WORK REQUIRED |
Wherever the line with "Juliska Cabana Coral" sits in the listing below, transcribe from it up to and including the line with "A cozy reading", exactly, and leave the remaining lines out.

*** RECORDS FOR THE TASK Section Begins ***

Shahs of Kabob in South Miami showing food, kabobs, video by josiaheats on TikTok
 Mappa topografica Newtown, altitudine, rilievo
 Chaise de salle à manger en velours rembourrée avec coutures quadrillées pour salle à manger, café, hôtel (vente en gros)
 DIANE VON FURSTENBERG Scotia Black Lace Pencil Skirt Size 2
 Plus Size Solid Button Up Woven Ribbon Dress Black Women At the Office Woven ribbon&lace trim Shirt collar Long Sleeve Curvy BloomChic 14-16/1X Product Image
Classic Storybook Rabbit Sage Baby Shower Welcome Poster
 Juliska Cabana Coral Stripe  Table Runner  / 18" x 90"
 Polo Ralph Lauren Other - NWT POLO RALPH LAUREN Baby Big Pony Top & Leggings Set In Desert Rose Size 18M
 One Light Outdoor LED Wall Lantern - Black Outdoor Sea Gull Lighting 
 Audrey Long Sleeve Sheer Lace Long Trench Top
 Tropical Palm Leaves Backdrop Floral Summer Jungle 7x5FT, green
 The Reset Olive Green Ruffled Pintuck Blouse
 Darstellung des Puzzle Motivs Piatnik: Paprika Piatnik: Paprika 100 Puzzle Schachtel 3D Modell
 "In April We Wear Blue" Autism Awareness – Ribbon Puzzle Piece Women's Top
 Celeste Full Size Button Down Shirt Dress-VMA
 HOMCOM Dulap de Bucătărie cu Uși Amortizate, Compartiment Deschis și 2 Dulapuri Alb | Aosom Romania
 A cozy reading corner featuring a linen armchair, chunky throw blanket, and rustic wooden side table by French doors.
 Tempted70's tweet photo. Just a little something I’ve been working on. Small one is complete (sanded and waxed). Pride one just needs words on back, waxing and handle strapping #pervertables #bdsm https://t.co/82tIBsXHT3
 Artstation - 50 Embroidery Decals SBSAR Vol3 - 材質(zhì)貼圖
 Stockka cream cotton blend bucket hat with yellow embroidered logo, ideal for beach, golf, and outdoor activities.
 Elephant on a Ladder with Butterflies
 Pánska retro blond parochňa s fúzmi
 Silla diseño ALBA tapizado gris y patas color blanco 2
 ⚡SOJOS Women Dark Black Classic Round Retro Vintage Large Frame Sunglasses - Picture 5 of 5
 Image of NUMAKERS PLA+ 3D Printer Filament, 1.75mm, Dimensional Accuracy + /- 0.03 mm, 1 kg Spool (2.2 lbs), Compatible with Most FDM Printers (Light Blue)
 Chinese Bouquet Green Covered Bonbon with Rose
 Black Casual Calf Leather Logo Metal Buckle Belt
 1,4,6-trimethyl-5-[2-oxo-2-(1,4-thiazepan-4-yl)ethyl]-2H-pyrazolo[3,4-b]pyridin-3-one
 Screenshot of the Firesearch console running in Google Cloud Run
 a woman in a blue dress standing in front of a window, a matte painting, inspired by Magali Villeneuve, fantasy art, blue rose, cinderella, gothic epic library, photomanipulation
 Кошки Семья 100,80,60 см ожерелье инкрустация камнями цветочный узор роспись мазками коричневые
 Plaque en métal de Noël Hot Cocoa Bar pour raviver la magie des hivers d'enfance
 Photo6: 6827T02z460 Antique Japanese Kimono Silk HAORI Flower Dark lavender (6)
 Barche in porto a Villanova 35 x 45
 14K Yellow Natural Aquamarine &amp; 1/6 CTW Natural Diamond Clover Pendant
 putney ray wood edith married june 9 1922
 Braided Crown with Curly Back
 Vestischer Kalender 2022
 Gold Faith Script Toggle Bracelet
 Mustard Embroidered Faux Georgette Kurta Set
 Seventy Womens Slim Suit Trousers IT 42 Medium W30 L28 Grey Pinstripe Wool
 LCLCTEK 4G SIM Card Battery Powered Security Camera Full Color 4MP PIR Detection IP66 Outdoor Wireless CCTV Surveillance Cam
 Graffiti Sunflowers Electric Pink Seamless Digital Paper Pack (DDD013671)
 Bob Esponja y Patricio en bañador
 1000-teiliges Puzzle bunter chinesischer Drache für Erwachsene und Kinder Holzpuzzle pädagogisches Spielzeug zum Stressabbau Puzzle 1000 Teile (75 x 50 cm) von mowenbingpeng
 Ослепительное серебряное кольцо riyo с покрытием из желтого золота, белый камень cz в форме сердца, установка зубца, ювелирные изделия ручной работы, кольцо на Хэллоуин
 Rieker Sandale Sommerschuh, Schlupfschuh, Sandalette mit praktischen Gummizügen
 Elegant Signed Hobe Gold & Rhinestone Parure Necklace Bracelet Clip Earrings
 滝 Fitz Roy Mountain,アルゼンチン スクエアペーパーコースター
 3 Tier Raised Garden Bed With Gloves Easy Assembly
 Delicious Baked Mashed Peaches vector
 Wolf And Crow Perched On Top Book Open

*** RECORDS FOR THE TASK Section Ends ***

OUTPUT OF THE EXERCISE |
 Juliska Cabana Coral Stripe  Table Runner  / 18" x 90"
 Polo Ralph Lauren Other - NWT POLO RALPH LAUREN Baby Big Pony Top & Leggings Set In Desert Rose Size 18M
 One Light Outdoor LED Wall Lantern - Black Outdoor Sea Gull Lighting 
 Audrey Long Sleeve Sheer Lace Long Trench Top
 Tropical Palm Leaves Backdrop Floral Summer Jungle 7x5FT, green
 The Reset Olive Green Ruffled Pintuck Blouse
 Darstellung des Puzzle Motivs Piatnik: Paprika Piatnik: Paprika 100 Puzzle Schachtel 3D Modell
 "In April We Wear Blue" Autism Awareness – Ribbon Puzzle Piece Women's Top
 Celeste Full Size Button Down Shirt Dress-VMA
 HOMCOM Dulap de Bucătărie cu Uși Amortizate, Compartiment Deschis și 2 Dulapuri Alb | Aosom Romania
 A cozy reading corner featuring a linen armchair, chunky throw blanket, and rustic wooden side table by French doors.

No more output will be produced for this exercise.